In the afternoon, I walked to Fereydoon’s house for what I thought might be the last time. Since our contract expired the next day, I didn’t know whether he wanted to enjoy me only once more or if he had other plans for me. Naturally, I was at pains to conceal what I had done from the sharp eyes of Hayedeh and Aziz. When they saluted me, they seemed more nonchalant than before. I began removing my own clothes. They didn’t stop me, which made me suspect that they didn’t believe I would ever return. Before I descended into the tub, I said, “Don’t you want to inspect me for stray hairs?”
Hayedeh made a pretense of looking for them while continuing her conversation with Aziz. “Anyway,” she said to her, “the wedding takes place in a week at the home of the groom’s father, who is a pistachio farmer.” She casually scrubbed my back with a kisseh as she described what her daughter was going to wear. Without her help, I immersed myself in the tub.
After they had dressed me, I went into the bedchamber I had shared with Fereydoon so many times and sat in my usual place, but I was restless and couldn’t keep still. I arose and walked into the adjacent room, where we took our meals. What exactly would I do? I approached the silk rugs hanging on the wall that showed pairs of birds singing together in a tree. Their knots were so tight that their surface was sleeker than skin. A sudden impulse seized me to remove one of them. I took it into the bedchamber and spread it on the floor at some distance from the bedroll. Then I returned to the main chamber and waited.
When Fereydoon arrived, he was in a dark mood. He barked at the servants for wine and a water pipe before even coming through the door. Within seconds, he noticed that the rug had been removed from the wall, leaving a blank space next to its mate.
“What mule removed that rug?” Fereydoon growled. The servants cowered and protested their innocence with flowery words. I was afraid, but I said, “It was me.”
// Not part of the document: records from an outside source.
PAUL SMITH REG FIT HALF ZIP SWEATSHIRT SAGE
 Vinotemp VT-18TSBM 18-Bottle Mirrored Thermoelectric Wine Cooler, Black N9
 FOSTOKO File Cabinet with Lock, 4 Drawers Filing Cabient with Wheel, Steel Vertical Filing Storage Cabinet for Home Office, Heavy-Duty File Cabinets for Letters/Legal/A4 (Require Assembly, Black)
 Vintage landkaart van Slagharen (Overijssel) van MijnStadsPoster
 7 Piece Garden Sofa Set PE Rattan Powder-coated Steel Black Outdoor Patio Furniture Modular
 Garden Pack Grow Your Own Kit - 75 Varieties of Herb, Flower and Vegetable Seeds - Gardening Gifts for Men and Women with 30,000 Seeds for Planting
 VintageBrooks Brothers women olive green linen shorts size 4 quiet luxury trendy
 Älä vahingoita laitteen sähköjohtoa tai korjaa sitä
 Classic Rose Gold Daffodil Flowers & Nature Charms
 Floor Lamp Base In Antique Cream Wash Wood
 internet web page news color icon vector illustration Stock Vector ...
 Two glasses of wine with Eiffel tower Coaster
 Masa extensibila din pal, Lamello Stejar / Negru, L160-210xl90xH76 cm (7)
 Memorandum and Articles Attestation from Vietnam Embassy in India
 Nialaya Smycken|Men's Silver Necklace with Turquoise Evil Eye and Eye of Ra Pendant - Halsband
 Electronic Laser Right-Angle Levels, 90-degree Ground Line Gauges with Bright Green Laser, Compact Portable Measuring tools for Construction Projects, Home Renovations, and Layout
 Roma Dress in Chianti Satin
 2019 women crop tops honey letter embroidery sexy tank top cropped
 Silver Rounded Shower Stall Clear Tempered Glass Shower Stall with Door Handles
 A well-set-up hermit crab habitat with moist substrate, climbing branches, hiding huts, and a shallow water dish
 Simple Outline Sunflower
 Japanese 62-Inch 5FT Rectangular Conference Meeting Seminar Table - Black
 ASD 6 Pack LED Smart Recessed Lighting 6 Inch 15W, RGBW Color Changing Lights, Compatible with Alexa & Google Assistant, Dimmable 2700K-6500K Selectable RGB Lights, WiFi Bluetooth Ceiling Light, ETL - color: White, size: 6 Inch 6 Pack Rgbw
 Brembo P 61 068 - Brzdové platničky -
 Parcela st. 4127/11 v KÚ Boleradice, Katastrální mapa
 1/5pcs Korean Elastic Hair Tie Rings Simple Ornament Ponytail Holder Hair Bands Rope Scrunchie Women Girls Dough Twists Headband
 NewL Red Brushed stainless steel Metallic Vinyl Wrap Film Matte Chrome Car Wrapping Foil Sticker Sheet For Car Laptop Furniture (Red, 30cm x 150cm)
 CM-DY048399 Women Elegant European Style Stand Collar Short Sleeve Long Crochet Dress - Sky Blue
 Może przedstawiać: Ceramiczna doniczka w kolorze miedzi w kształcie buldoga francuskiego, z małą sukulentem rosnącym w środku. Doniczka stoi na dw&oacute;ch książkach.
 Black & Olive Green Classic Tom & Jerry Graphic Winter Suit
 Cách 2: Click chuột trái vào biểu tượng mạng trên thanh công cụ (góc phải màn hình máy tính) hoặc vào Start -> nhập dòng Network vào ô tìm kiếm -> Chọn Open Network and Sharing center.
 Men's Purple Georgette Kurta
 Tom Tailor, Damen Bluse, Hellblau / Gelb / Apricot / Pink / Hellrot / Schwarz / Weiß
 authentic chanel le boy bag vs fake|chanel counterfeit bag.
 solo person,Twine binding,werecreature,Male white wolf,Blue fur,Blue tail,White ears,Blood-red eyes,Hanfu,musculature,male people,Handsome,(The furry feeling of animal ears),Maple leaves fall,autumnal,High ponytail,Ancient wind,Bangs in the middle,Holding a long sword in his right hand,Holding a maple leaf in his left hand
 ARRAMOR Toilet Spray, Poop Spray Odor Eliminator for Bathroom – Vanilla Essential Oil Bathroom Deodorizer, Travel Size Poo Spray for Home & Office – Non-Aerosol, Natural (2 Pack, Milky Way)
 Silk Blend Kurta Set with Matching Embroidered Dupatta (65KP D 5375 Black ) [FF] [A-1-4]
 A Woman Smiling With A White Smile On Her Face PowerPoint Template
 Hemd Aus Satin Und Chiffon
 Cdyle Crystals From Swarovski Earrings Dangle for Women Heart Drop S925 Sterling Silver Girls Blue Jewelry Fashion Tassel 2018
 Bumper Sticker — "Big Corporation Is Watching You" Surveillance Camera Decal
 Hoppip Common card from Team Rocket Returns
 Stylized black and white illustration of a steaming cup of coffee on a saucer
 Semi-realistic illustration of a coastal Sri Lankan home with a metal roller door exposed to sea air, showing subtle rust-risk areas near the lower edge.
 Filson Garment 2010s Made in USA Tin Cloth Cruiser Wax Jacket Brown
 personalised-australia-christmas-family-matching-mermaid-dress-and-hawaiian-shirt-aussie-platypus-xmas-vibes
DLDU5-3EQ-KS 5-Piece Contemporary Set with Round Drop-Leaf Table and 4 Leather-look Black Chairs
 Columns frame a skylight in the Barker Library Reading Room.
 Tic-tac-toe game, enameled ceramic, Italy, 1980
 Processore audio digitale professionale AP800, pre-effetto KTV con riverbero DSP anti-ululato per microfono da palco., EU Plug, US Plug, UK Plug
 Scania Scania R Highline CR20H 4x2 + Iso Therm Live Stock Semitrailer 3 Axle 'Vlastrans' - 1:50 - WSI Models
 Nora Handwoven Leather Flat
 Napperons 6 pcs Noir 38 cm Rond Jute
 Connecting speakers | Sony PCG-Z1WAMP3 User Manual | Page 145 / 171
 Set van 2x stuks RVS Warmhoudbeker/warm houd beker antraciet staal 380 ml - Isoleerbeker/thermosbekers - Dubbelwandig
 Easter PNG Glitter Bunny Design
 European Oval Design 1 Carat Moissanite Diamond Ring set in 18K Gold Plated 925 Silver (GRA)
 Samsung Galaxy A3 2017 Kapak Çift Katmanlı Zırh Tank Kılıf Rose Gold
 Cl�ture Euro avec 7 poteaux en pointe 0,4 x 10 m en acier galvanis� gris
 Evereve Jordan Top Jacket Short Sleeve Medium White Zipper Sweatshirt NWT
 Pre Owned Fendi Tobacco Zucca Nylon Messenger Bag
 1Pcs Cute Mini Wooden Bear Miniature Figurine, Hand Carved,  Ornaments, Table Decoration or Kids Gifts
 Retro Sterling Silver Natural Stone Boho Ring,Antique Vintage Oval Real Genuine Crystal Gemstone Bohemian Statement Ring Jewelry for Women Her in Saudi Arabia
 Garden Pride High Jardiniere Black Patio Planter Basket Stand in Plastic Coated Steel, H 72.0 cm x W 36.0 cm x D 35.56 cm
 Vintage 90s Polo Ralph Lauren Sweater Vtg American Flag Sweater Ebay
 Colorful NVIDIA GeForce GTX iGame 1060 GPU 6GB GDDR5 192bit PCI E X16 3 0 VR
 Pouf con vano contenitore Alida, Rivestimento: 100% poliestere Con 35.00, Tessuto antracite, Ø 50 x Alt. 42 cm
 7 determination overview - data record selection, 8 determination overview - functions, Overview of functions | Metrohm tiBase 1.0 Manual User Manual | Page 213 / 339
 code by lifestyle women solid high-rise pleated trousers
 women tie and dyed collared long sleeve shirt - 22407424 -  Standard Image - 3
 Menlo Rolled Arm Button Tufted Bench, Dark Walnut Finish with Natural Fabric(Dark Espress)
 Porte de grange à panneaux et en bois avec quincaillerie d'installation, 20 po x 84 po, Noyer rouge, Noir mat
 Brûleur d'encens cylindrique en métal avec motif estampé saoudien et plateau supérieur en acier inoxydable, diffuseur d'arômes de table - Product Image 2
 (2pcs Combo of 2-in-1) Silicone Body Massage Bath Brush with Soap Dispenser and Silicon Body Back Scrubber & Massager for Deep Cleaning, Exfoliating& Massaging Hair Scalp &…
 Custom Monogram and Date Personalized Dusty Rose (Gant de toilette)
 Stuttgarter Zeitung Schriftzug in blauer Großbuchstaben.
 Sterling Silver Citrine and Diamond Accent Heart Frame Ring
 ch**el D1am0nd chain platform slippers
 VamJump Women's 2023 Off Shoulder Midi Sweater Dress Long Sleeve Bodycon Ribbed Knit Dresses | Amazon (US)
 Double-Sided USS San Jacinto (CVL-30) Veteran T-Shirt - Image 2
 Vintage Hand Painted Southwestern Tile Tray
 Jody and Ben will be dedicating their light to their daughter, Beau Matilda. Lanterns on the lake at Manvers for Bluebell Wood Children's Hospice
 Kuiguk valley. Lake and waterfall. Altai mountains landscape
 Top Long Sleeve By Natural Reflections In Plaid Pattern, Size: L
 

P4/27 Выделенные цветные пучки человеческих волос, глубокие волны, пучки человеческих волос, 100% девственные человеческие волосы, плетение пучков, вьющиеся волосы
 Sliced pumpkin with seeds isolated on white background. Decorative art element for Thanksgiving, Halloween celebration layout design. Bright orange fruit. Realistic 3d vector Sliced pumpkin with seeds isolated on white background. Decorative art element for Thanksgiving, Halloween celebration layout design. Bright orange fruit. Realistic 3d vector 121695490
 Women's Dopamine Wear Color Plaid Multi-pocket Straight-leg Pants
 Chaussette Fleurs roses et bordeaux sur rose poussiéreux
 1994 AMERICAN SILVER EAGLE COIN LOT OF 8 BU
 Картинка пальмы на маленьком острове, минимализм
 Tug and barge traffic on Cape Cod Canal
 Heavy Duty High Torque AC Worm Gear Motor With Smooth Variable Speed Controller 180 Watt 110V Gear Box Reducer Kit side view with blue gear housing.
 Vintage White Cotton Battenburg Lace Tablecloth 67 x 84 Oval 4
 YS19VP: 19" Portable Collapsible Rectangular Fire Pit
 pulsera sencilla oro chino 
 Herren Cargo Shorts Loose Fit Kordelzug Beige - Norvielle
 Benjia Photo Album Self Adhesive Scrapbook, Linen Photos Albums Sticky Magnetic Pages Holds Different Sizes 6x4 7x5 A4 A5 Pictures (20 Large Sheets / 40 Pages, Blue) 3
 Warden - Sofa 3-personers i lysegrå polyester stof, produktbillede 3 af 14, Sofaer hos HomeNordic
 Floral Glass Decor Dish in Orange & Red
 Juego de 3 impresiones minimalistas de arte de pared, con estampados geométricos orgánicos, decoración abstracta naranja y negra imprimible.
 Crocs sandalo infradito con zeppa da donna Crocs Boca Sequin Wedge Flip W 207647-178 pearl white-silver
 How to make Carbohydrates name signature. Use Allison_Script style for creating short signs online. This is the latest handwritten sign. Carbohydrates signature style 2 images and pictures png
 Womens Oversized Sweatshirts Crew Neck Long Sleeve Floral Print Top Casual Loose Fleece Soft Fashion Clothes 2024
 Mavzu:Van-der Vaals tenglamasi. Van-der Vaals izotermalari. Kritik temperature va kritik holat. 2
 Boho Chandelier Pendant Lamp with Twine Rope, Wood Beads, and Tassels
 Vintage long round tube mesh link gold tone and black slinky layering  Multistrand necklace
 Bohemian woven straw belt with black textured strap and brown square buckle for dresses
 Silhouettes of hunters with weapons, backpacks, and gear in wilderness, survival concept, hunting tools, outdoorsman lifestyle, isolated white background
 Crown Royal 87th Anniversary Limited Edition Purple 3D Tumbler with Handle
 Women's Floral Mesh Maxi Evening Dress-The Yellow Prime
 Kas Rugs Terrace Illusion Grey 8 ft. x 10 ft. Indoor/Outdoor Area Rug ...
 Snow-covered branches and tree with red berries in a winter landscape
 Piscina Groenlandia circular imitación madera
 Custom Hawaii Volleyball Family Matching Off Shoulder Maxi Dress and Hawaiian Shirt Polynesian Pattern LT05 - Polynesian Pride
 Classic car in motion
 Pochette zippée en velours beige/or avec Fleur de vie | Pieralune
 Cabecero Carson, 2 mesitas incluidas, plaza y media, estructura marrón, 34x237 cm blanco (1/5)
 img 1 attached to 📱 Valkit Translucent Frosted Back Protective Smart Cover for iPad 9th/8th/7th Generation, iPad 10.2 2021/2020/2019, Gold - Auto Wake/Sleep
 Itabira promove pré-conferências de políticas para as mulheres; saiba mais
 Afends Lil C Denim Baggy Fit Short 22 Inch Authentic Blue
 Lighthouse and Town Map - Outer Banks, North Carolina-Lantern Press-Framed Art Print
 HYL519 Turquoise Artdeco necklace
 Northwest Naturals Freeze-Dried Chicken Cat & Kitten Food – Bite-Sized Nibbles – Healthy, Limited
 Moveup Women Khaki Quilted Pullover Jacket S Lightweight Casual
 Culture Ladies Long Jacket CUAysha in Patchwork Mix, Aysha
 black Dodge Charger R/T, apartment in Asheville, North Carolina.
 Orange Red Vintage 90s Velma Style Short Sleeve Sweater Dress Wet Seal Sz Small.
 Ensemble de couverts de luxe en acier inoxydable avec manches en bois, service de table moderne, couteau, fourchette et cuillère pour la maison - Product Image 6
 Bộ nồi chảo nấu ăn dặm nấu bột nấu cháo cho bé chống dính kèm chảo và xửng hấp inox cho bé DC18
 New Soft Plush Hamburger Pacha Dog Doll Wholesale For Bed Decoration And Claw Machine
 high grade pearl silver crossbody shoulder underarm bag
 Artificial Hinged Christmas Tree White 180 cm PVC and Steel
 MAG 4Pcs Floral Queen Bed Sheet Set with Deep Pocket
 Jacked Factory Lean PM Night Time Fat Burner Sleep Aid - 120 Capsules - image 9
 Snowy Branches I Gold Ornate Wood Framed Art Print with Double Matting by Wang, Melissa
“It looks terrible like that.”
“I have a reason,” I replied.
Fereydoon ignored me, lifting his arms so that a manservant could remove his robe and sash and unbuckle his pearl-studded knife. Another servant tiptoed in with the wine and pipe and backed away, bowing. Fereydoon pulled his turban off his head and consumed his libations without offering me any. When the food arrived, he ate it quickly, almost angrily. I hardly dared to put a morsel to my lips.
The coffee arrived in two delicate green vessels. Fereydoon tasted it before the coffee boy had left the room and grumbled, “It’s not hot enough.”
The coffee boy returned to remove the cups, but he didn’t look apologetic, nor did he offer words to soothe Fereydoon’s anger.
“Wait a minute,” said Fereydoon. The coffee boy, who was probably no more than twelve, stood before him with the cups on the tray. Fereydoon grabbed my cup and threw the liquid in the boy’s face. He staggered, the tray nearly dropping out of his hands.
“You see?” Fereydoon roared. “It’s not even hot enough to hurt you. Now bring me something that is!”
There were scalded patches near the boy’s eyes. He stammered a few words of apology and backed out of the room with tears streaming down his face.
“Donkey!” Fereydoon cried after him. I had never seen him behave this way. His anger had been as sudden and unpredictable as a hailstorm, and just as indifferent.
Another servant returned minutes later with coffee so hot it burned my throat. Fereydoon drank his in a gulp, strode into the other chamber, and threw himself onto the bedroll, closing his eyes. It wasn’t long before I heard loud snores. Was this how my final night with Fereydoon must pass, with no chance of saving myself? I was filled with turmoil, yet frozen in place as if I were stuck in the bed of snow I had dreamed about the night before. I remembered the slow, chilly death I had almost experienced in my village and suddenly I leapt to my feet, knowing I had to do something.
Night was falling and the room was becoming dark. I lit an oil lamp and placed it near the silk rug before tearing off my clothes except for my pink silk trousers. Crawling on top of the bedroll beside Fereydoon, I did my best to be clumsy and awaken him. It worked: His eyes fluttered open.
“I have something to show you,” I whispered, my voice a desperate hiss.
“What?” he mumbled, sounding annoyed.
I was quiet for a moment, and then I said, “It is for you, and only you, to find.”
“Find what?” he asked, half asleep.
“The secret I have prepared for you,” I said. He rolled onto one elbow, blinking his eyes to wake up. I rolled away a little, and when he reached for me, I rolled away again.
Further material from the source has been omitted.